2022 und 2023 ist es bei den Unternehmensbewertungen von Start-ups und Wachstumsunternehmen zu einer starken Marktkorrektur gekommen. Die Preisvorstellungen ihrer Gesellschafter trafen auf eine neue Realität. Investoren waren nicht mehr bereit, die hohen Bewertungen zu akzeptieren. Dies führte zu einem illiquiden Markt: Verkäufer warteten auf wieder steigende Bewertungen, Käufer auf weiter fallende Preise. Trade Sales und IPOs gab es kaum. Die Lösung könnten VC-Secondaries sein, wie ein hochkarätiges Panel der Investmentbanken Bryan Garnier und Stifel in den Räumen der Kanzlei POELLATH am 20. Februar deutlich machte.

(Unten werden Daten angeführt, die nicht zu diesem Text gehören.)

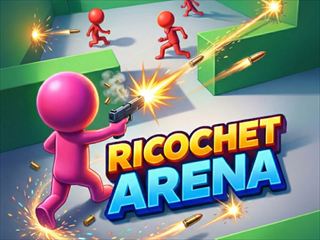 【Ricochet Arena】ゲームのサムネイル画像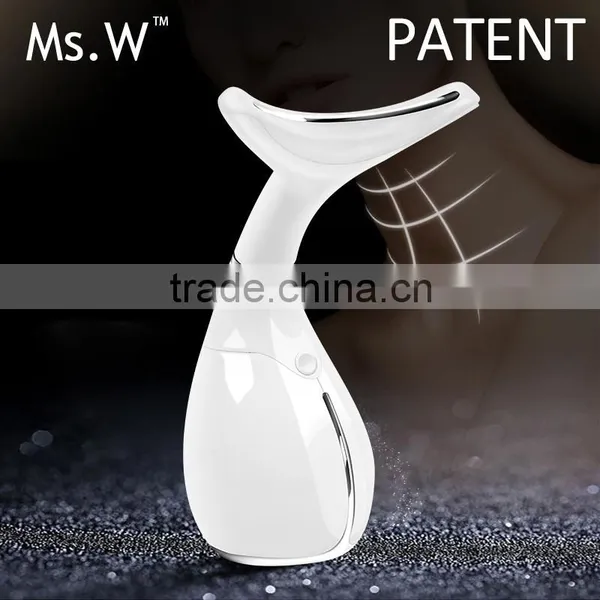 Mini Handheld Ionic Electric Neck Massager With USB Chargeable Cable photo-3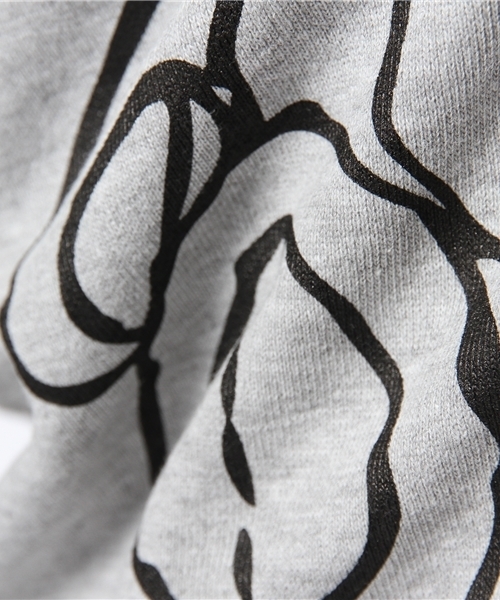 WEGO（ウィゴー）の「WEGO/ベアモチーフスウェット（スウェット・メンズ・杢グレー・MEDIUM/LARGE）」の8枚目の写真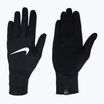 Dámské běžecké rukavice Nike Pacer Lightweight RG black/black/silver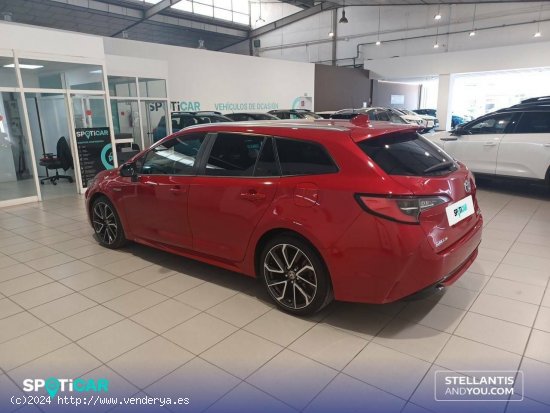 Toyota Corolla  2.0 180H  E-CVT TOURING SPORT Feel! - Polígono Industrial de Son Castelló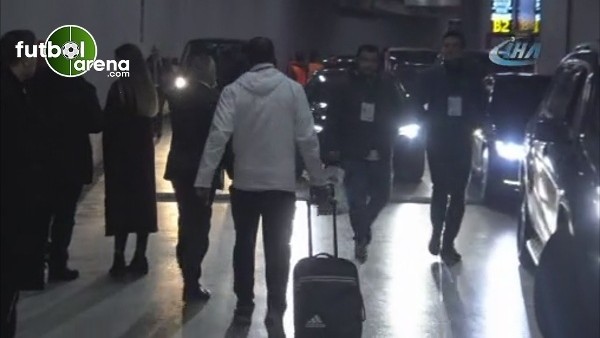 Aboubakar, takım otobüsünü beklemeden ayrıldı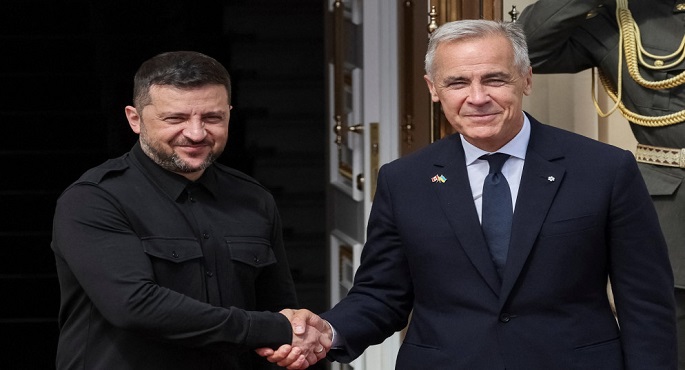 ذا هيل: زيارة رئيس وزراء كندا لأوكرانيا تترك الباب مفتوحًا أمام إمكانية إرسال قوات كندية لكييف‎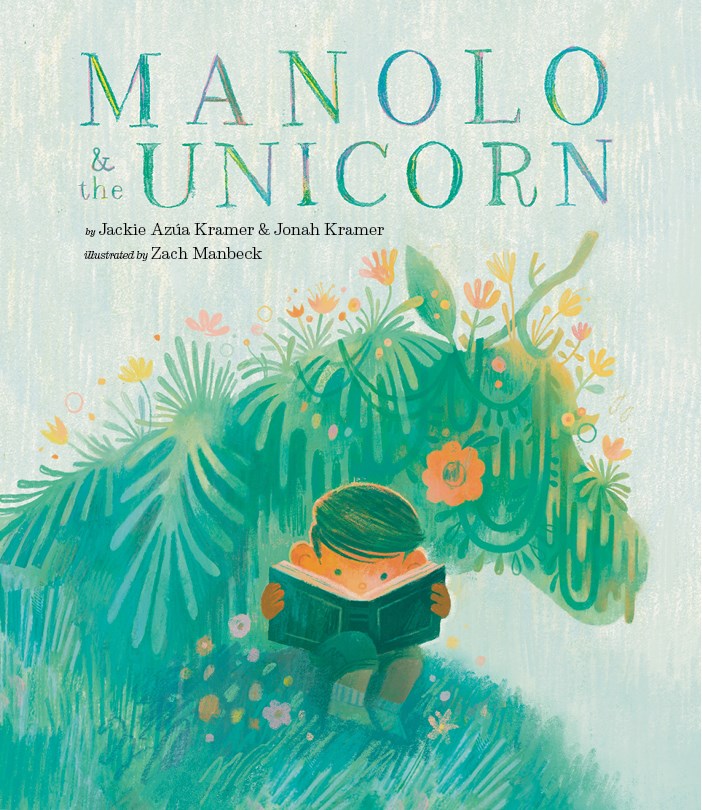 Cover of Manolo & the Unicorn by Kramer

Start-up-Gründer, Early-Stage-Investoren sowie Mitarbeiteraktionäre eines Start-ups hoffen darauf, dass sie für ihren Einsatz belohnt werden durch einen Börsengang des Unternehmens oder den Verkauf an einen größeren Konzern. Dann fließt als Belohnung Geld in die persönliche Kasse. Aber da Fusionen und Übernahmen erheblich zurückgegangen sind und die IPO-Pipeline auf ein Rinnsal geschrumpft ist, fällt diese Option oftmals praktisch aus. Und die sinkenden Unternehmensbewertungen machen auch einen Verkauf des Unternehmens schwierig. Gesellschafter sind somit  immer häufiger gezwungen, ihre Anteile länger als ursprünglich geplant zu halten.

Es müssen also neue Wege gefunden werden, um Liquidität für Aktionäre und Mitarbeiter von Start-ups zu generieren. Auch die investierten VC-Funds brauchen in bestimmten Fällen Liquidität, um notwendige Ausschüttungen vornehmen zu können. Auf jeden Fall gilt es auch zu verhindern, dass durch kurzfristige Alleingänge bei Teilverkäufen neue Investoren mit an Bord kommen, deren Einstellung im Widerspruch zur längerfristigen Strategie des Startups stehen. Synchron denkende und kooperierende Anteilseigner im Cap-Table sind für junge Unternehmen wichtig.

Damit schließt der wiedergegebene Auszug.